We’ve been walking through Matthew 21 for the past week or so. I mentioned once that Jesus was quoting from the Bible as it was then even as he was living what would become the next part of the Bible. (Said less confusingly, he was quoting what we know as the Old Testament while he was living out the beginning of the New Testament.)
Here’s how he used scripture:
- Jesus quoted little bits of passages. It’s likely that the people around him knew the whole passages that he was referring to. It was a bit like when someone quotes a phrase from a movie that everyone knows and we all suddenly nod and smile.At times, however, these fragments that triggered memories of the larger passage would then be transformed as the listeners went, “You? That was talking about you? Sweet!” Or the listeners would say, “You? You have the gall to think that’s about you? Why I oughta punch …”
- Jesus quotes lots from lots of places, stitching together broad sweeps of the Old Testament. In this one chapter, Jesus quotes twice from Psalm 118, once from Psalm 8, and once each from Isaiah, Jeremiah, and Zechariah. In living the two days covered in this chapter, he is weaving a story of his unexpectedly humble royal entry into Jerusalem.

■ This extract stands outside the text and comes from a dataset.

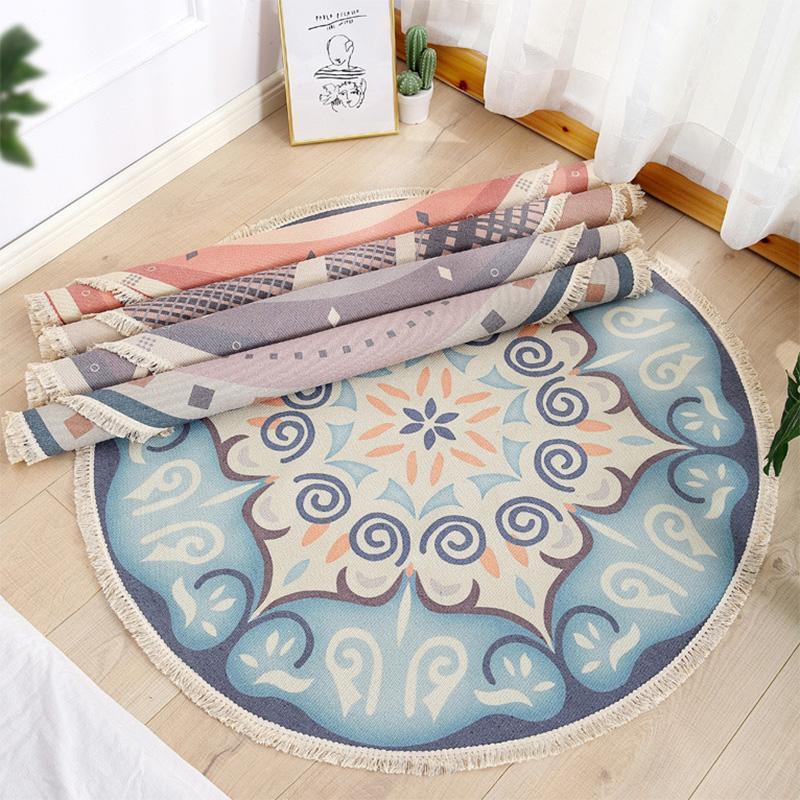 

Boho Round Flower Carpet Ethnic Style Washable Home Living Room Decoration Carpet Coffee Table Non-slip Floor Mat1, 11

He is showing that his coming is part of a long prophetic thread, a fact that he reinforces with his story about the tenant farmers ignoring representatives of the landowner.
- This blend of shorthand and broad strokes is an important alternative model to an approach that takes on verse out of context as a life verse or organization purpose.
God tells a huge story of relationship, sweeping across the whole book. Jesus is showing how his life fits into that story. It’s a good model.